History and Methodologies of DNA and RNA Sequencing

Historical Milestones in DNA Sequencing

DNA sequencing began in the 1970s following the 1953 discovery of the DNA double helix by James Watson and Francis Crick. In 1965, the first nucleic acid molecule to be sequenced was the $\text{Escherichia coli}$ alanine tRNA. Technologic advancements continued with Hamilton Smith's 1970 discovery of type II restriction enzymes and the 1983 development of the Polymerase chain reaction (PCR) by Kary B. Mullis. The two foundational sequencing methods, Maxam-Gilbert and Sanger sequencing, were both established between 1975 and 1977. Frederick Sanger was awarded the Nobel Prize in 1980 for his contributions to the field.

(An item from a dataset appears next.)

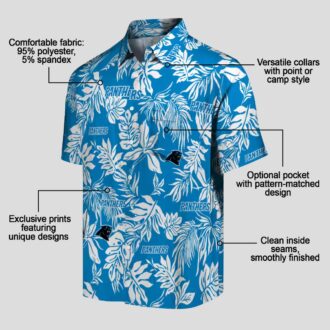 Blue & White Tropical Carolina Panthers Hawaiian Shirt – Palm Leaf Vacation Button Up
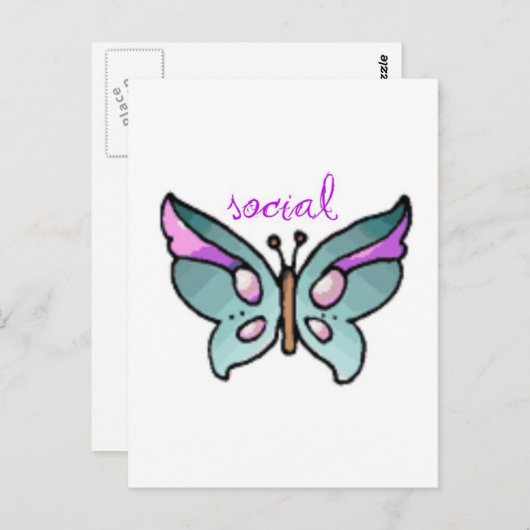 Sozialschmetterling Postkarte (Vorne/Hinten)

Core Principles and Methodology

DNA sequencing is the process of determining the precise order of the four nucleotide bases: adenine, guanine, cytosine, and thymine. Because current technology cannot read an entire chromosome from end to end, the DNA is cut into smaller fragments to serve as templates. These fragments, differing in length by a single base, are separated by size to effectively recreate the original sequence. This methodology is foundational for a cDNA library where mRNA is isolated and converted via reverse transcriptase into DNA, which is then inserted into bacterial plasmids for purification and sequencing.

The Sanger (Chain Termination) Method

Sanger sequencing, or the chain termination method, involves the in-vitro synthesis of DNA using terminators known as di-deoxynucleotides (ddNTPs). These ddNTPs, such as ddATP or ddGTP, lack the required $3'-OH$ group necessary for forming phosphodiester bonds, causing the growing DNA strand to terminate at specific sites. The procedure involves four main steps: denaturation of the DNA into single strands using heat, primer attachment and base extension, termination by ddNTPs, and gel electrophoresis. The resulting bands are analyzed to deduce the sequence of the unknown DNA strand.

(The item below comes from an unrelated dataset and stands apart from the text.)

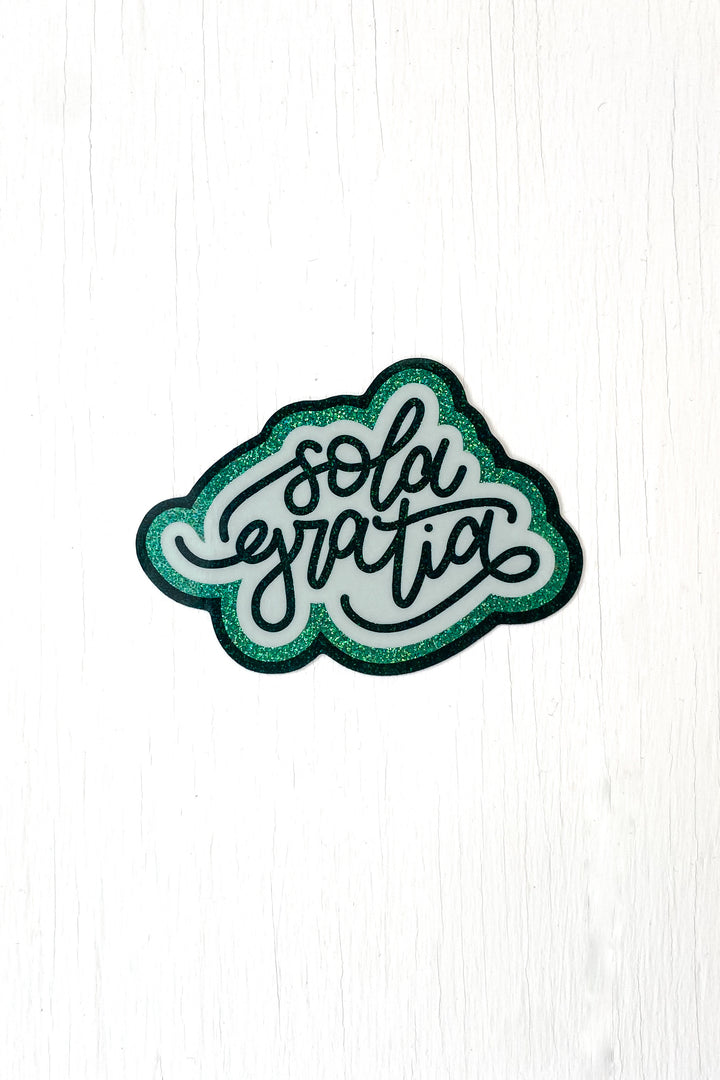 Retro Sola Gratia Sticker (Holographic Glitter)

The Maxam-Gilbert Sequencing Method

Developed by Allan Maxam and Walter Gilbert, this method is based on chemical modification and subsequent cleavage of DNA at specific nitrogenous bases. The process requires a purified DNA fragment labeled with radioactive material, specifically $^{32}P$ at the $5'$ end. Specific chemical treatments generate breaks: dimethyl sulfate targets guanines, formic acid targets purines ( $A+G$ ), hydrazine targets pyrimidines ( $C+T$ ), and hydrazine with NaCl targets cytosine. The fragments are separated by size through gel electrophoresis and visualized using autoradiography on X-ray film to infer the sequence.

RNA Sequencing (RNA-Seq)

RNA-Seq is a next-generation sequencing (NGS) technique used to analyze the transcriptome. This process measures cellular functions and disease states by converting extracted RNA into cDNA, which is then fragmented and sequenced using platforms like Illumina. Key types include total RNA sequencing, mRNA sequencing, and targeted RNA-Seq. This method offers high sensitivity for detecting low-abundance transcripts and high resolution for identifying alternative splicing, gene fusions, and novel transcripts without requiring prior sequence knowledge.

Applications and Practical Considerations

Sequencing and comparative DNA studies are critical for detecting mutations, completing the Human Genome Project, and improving agriculture through microbial mapping. In forensics, unique DNA patterns from blood, skin, or hair are used to identify individuals or criminals. In medicine, sequencing identifies genes associated with hereditary or acquired diseases, facilitating gene therapy. While highly effective, DNA analysis presents concerns regarding the invasion of individual privacy and potential discrimination based on ethnic background or parentage. Additionally, some methods may result in incomplete coverage or fail to detect balanced translocations and inversions.